Your task> Each line in the records that mentions the word "screen" needs to be listed.

(Stored items)

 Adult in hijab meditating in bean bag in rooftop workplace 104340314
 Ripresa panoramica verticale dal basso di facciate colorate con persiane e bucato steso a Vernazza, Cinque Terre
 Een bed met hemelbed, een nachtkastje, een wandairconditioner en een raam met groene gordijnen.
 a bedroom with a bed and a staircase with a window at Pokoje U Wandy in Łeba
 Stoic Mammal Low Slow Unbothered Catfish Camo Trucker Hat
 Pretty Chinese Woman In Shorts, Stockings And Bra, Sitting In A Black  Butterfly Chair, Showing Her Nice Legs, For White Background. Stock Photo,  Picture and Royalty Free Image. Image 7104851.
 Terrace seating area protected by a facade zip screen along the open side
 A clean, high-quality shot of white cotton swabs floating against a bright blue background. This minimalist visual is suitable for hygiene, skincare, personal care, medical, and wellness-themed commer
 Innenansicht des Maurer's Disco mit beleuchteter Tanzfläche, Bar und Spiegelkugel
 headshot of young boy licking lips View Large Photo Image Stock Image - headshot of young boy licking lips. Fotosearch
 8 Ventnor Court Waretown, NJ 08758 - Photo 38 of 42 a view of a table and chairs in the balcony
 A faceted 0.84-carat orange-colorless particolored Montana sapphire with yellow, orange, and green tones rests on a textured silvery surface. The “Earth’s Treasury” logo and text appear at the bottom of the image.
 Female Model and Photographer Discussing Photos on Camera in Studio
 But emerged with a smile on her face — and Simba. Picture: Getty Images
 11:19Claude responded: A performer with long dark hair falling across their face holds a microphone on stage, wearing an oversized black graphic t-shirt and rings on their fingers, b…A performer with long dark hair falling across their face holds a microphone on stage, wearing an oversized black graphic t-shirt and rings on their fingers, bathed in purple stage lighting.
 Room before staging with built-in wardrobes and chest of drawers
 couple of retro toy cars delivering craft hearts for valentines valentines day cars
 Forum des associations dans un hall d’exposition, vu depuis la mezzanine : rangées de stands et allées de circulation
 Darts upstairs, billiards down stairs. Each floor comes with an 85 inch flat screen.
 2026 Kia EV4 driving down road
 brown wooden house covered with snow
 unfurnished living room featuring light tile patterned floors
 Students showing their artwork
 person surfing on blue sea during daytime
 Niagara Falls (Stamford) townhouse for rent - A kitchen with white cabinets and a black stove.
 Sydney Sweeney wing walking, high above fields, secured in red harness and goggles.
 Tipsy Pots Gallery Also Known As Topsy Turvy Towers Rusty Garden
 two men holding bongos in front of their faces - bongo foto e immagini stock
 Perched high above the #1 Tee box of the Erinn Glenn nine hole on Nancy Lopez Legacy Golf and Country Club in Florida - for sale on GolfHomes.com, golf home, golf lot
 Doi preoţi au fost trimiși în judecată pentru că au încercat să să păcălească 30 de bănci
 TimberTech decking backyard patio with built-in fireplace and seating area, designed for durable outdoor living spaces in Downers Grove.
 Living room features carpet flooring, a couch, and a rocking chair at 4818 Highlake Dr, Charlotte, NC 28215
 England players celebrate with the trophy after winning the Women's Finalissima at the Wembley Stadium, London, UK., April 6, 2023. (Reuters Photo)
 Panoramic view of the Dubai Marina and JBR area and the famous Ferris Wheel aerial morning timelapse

Task answer>
 Terrace seating area protected by a facade zip screen along the open side
 Darts upstairs, billiards down stairs. Each floor comes with an 85 inch flat screen.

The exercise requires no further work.